発売から少し時間が経ちましたが、昨年発刊した小冊子「改正派遣法対応!非正規社員の雇用管理」に関するセミナーのご依頼を、ちょくちょくいただいています。

つい先日も、上野法人会様でこのテーマでお話をしてきました。

内容は大まかに言うと、この4点です。

1.派遣社員活用の留意点
2.有期契約社員活用の留意点
3.パートタイマー活用の留意点
4.外国人雇用の留意点

これを見て、なにか違和感を感じないでしょうか?
実は、内容の中に、直接には「非正規社員」と関係ないものが入っています。

それは「外国人雇用」についてです。

外国人を雇用する場合、正社員として雇い入れる、パートタイマーや有期契約労働者として雇い入れる、両方の場合がありますね。
ですから、このテーマにはそぐわないような気もするのですが、「多様な社員に対する雇用管理」というテーマとして考えるとそんなに間違っているわけでもありません。

と、ここまでが少し長い前置きです。

外国人雇用というと、必ず触れる点があります。
それは、公共職業安定所に対する届出です。

雇い入れた外国人が雇用保険に加入する場合は、被保険者資格取得届を利用して、また、留学生など雇用保険の被保険者にならない人については、外国人雇用状況届出書という書式に記入して、ハローワークに届出をします。
届出を怠ったり、虚偽の届出を行った場合には、30万円以下の罰金の対象となります。


(上の画像は、「在留管理制度の施行に伴う外国人雇用状況の届出パンフレット」より)

この届出については、毎年職業安定局から届出状況が発表されています。
最新の平成28年10月現在のものを見ると、このように出ています。

【届出状況のポイント】
○外国人労働者数は1,083,769人で、前年同期比175,873人、19.4%の増加(平成19年に届出が義務化されて以来、過去最高を更新)
○外国人労働者を雇用する事業所数は172,798か所で、前年同期比20,537か所、13.5%の増加(平成19年に届出が義務化されて以来、過去最高を更新)
○国籍別では、中国が最も多く344,658人(外国人労働者全体の31.8%)。次いでベトナム172,018人(同15.9%)、フィリピン127,518人(同11.8%)の順。
対前年伸び率は、ベトナム(56.4%)、ネパール(35.1%)が高い。
○在留資格別では、「専門的・技術的分野」の労働者が200,994人で、前年同期比33,693人、20.1%の増加。また、永住者や永住者を配偶者に持つ人など「身分に基づく在留資格」は413,389人で、前年同期比46,178人、12.6%の増加

外国人労働者数は、届出ベースで、すでに100万人を超えているのですね。

国籍を見ると、多いのは、中国、ベトナム、フィリピン、ブラジル、ネパールの順です。

ここで、もうひとつの違和感が・・・・

そうです、韓国が抜けていますね。
日本に在留している外国人のうち、国籍順に多いのは、中国、韓国、フィリピン、ブラジル、ベトナム、ネパールです。

実はこれにははっきりした理由があります。
特別永住者は、外国人雇用の届出の対象になっていないからです。

特別永住者というのは、ごくざっくり言うと、戦前日本の植民地だった朝鮮、台湾出身の人たちで、日本の領土内での移動として、パスポートを持たずに日本に入国してきた人たち、そしてその子孫のことです。
日本に上陸してきたときには、日本国籍だった人たちです。
人たち、と他人事のように言っていますが、わたしもそのひとりです。

日本国内の韓国人を在留資格で分類すると、いちばん多いのがこの特別永住者(朝鮮籍含めて)ですので、そこを抜いてしまうと、ベスト5にも入らないということになります。

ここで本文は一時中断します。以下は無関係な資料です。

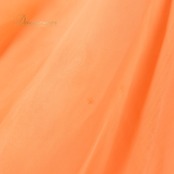 社交ダンス 衣装 白樺ドレス スタンダードドレス ドレス ワンピース スタンダード フロート ファー 蛍光 デモ 競技 ダンス パーティ 発表会 綺麗 オレンジ系 蛍光オレンジ フォーマル 軽量 上品 ダンス衣装 競技用ドレス 発表会用ドレス おしゃれ 可愛い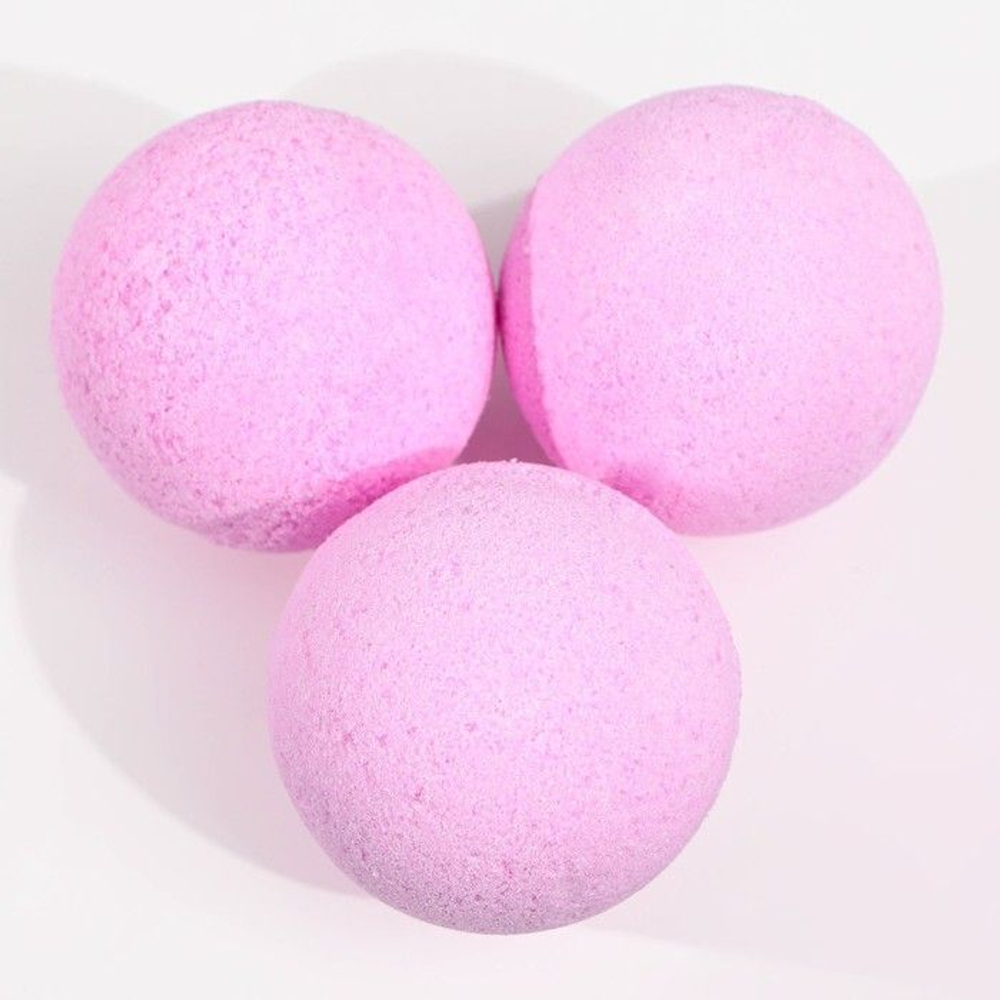 Набор из 3 бомбочек для ванны с ароматом лаванды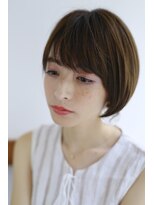 [Garland/銀座]☆エアリーな質感フェミニンショート☆
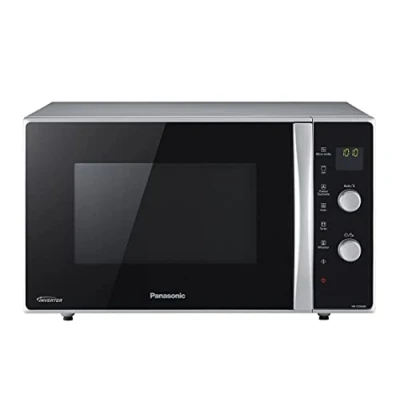 Immagine di Panasonic NN CD565BEPG Forno 3 in 1 Combinato, 27 L, Inverter, Calore a 100 220C, Griglia al quarzo 1300W, Microonde 1000 W, Piatto Crispy, Giradischi 34 cm, Nero Versione FR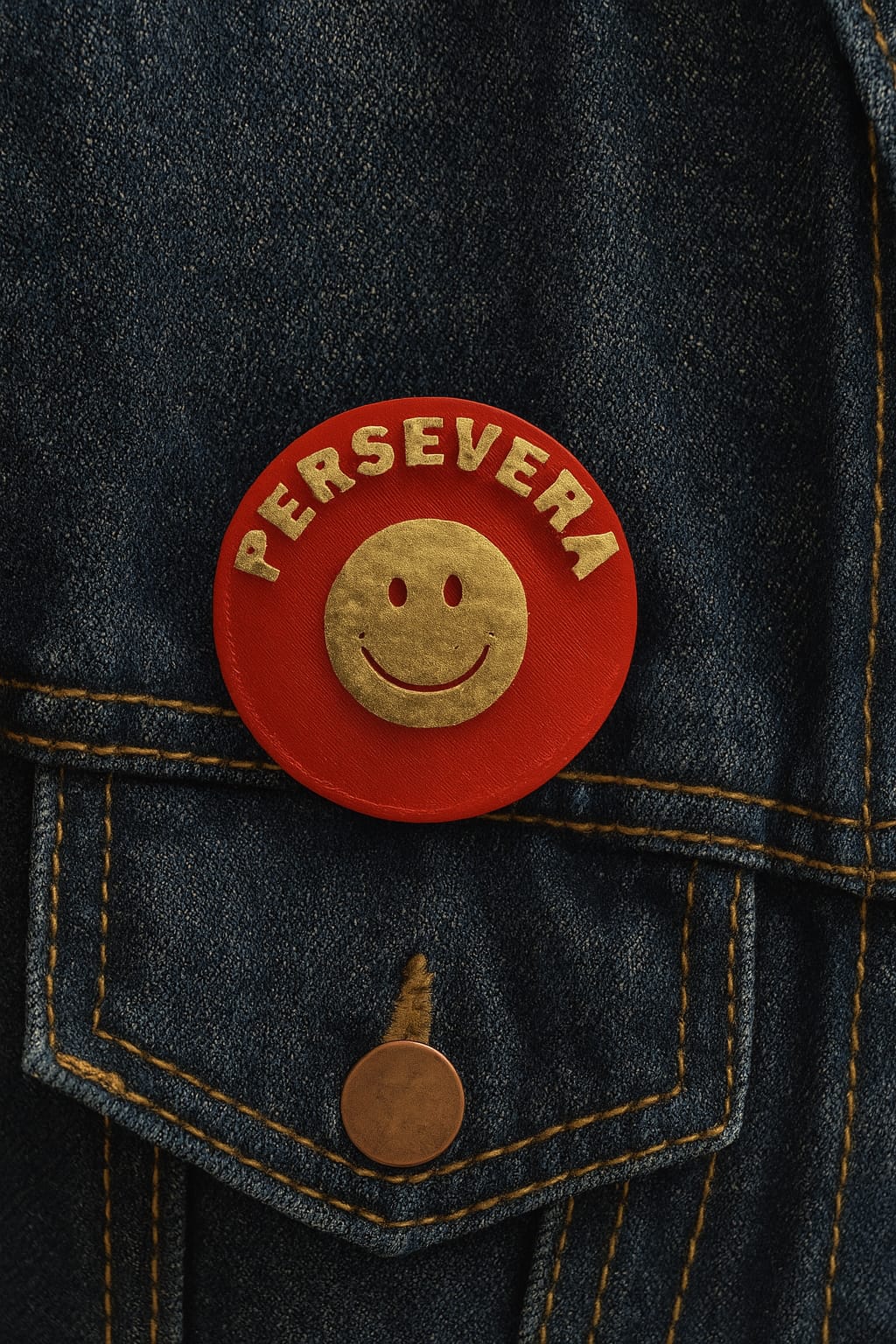 PIN - PERSEVERA - Made in USA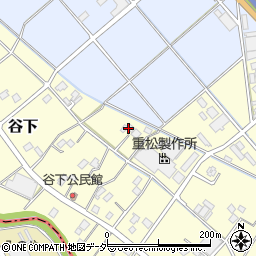 埼玉県さいたま市岩槻区谷下260周辺の地図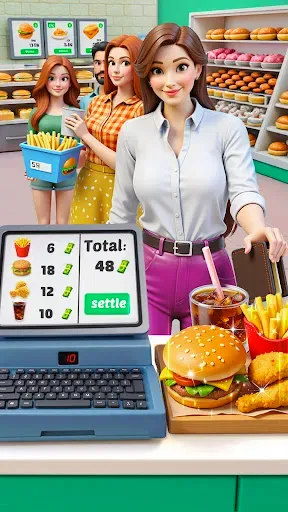 Скриншот 3 — Happy Cooking Merge™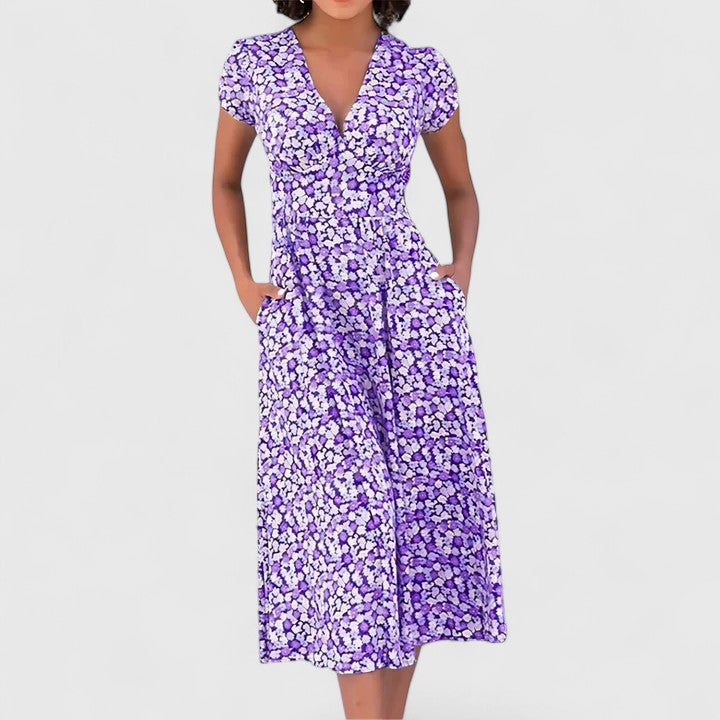 Roseanna | Vestido midi cómodo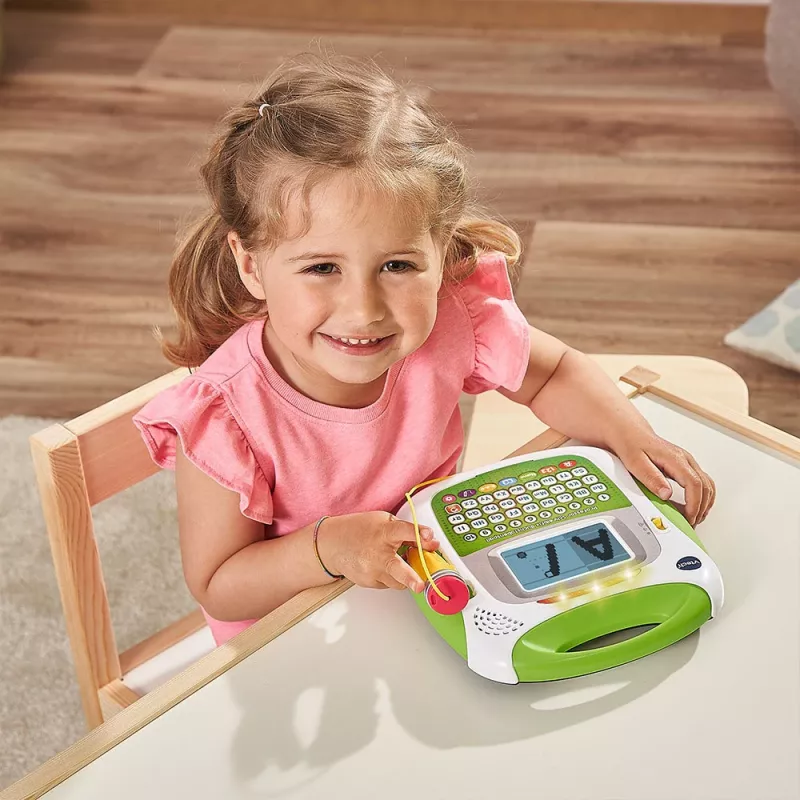 VTech 617004, 4 años, pilas necesarias, AA, verde, blanco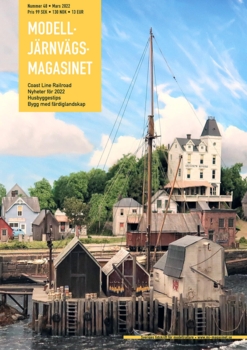 An. Modelljärnvägsmagasinet Nr. 48. 2022.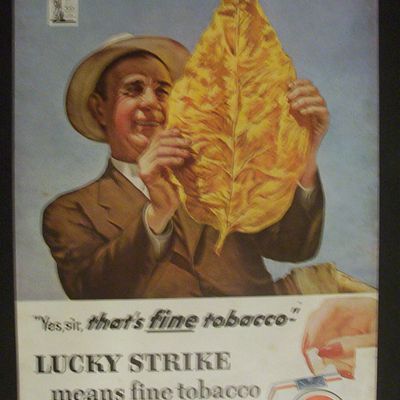 1944  Lucky  Strike  Cigarettes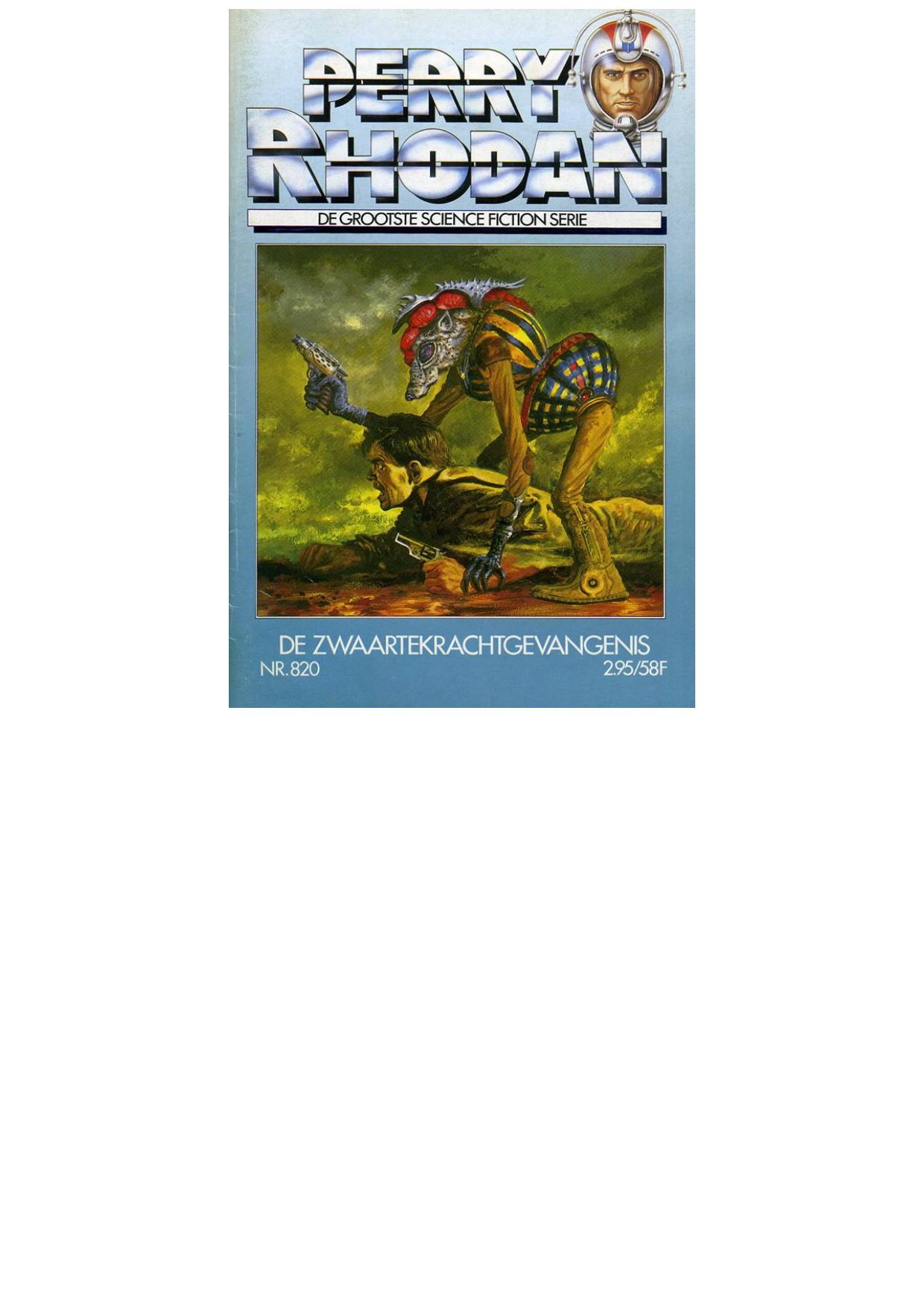 Perry Rhodan 820 - De zwaartekrachtgevangenis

特別永住者の一世はとっくに現役の年齢ではなく、いま働いている人たちは、多くは三世以降で、日本語ネイティブですので、見た目ではまずわかりません。
また、日本名を使って生活している人が多く、雇い入れる際に外国人だと気づかないということもあります。

なお、特別永住者に限らず、下のような場合は届出しなくても罪に問われることはありませんので、ご心配なく。

Q1 雇入れの際、氏名や言語などから、外国人であるとは判断できず、在留資格等の確認・届出をしなかった場合、どうなりますか?
A1 在留資格等の確認は、雇い入れようとする方について、通常の注意力をもって、その方が外国人であると判断できる場合に行ってください。氏名や言語などから、その方が外国人であることが一般的に明らかでないケースであれば、確認・届出をしなかったからといって、法違反を問われることにはなりません。